Segment Start: Material provided
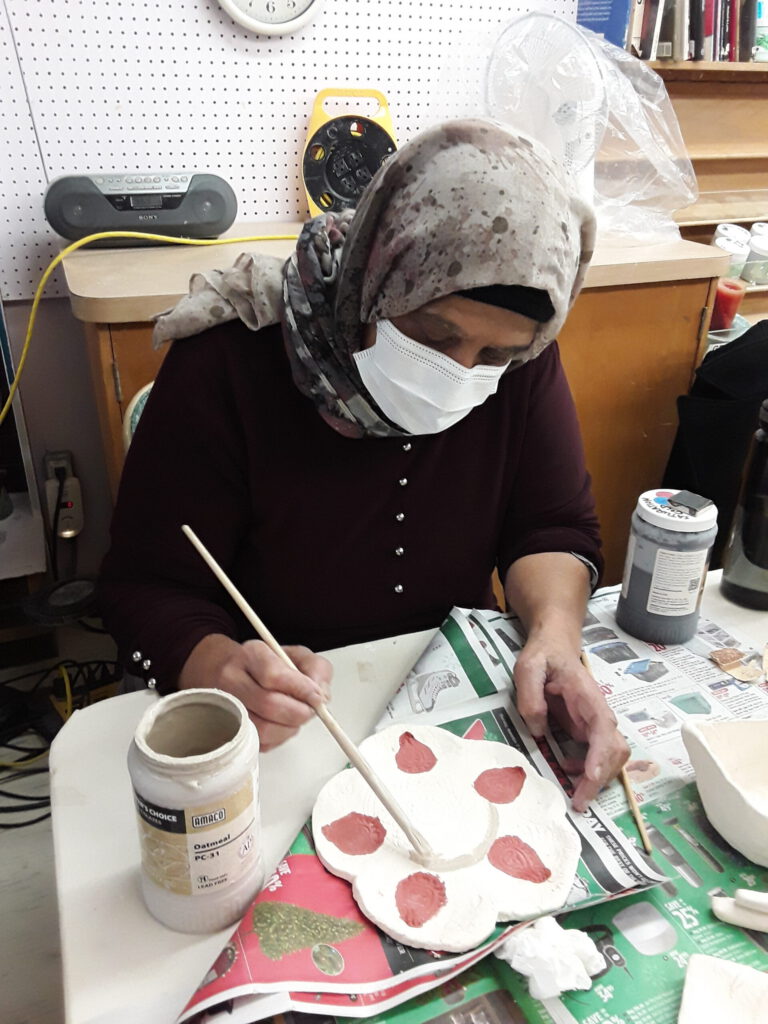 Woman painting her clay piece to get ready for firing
Segment End: Material provided
Segment Start: Material provided
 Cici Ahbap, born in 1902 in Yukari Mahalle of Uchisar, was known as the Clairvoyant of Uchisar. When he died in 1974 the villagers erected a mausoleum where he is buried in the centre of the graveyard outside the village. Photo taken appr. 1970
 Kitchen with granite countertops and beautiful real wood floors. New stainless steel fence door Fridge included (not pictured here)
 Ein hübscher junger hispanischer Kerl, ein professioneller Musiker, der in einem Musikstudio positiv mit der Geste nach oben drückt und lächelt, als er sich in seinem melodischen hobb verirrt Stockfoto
Segment End: Material provided
Segment Start: Material provided
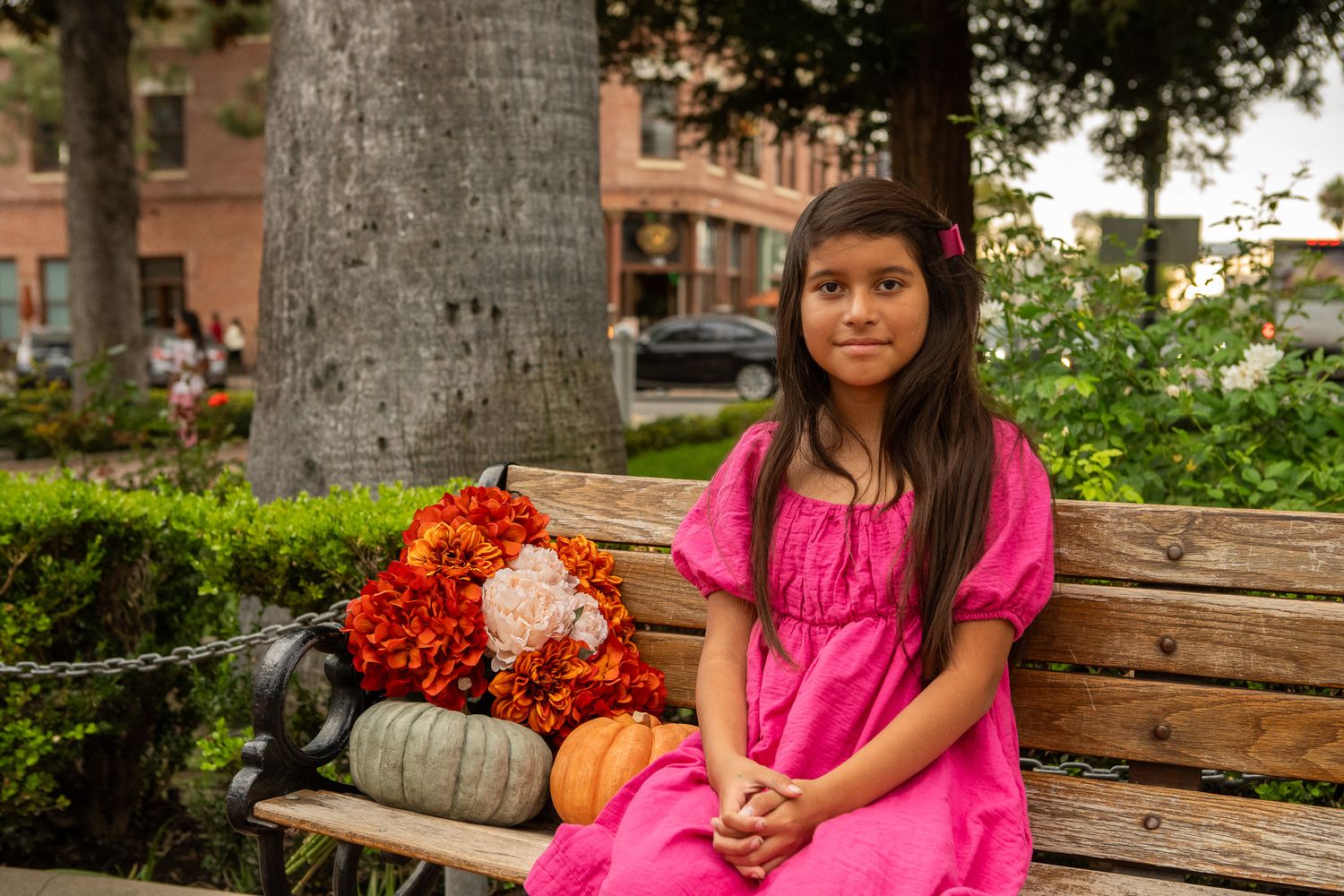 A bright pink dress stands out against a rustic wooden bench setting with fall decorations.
Segment End: Material provided
## Prompt
Look through the entries above and quote exactly the lines from the line with "Kitchen with granite" to the line with "Ein hübscher junger", counting both of those lines.

## Exercise response
 Kitchen with granite countertops and beautiful real wood floors. New stainless steel fence door Fridge included (not pictured here)
 Ein hübscher junger hispanischer Kerl, ein professioneller Musiker, der in einem Musikstudio positiv mit der Geste nach oben drückt und lächelt, als er sich in seinem melodischen hobb verirrt Stockfoto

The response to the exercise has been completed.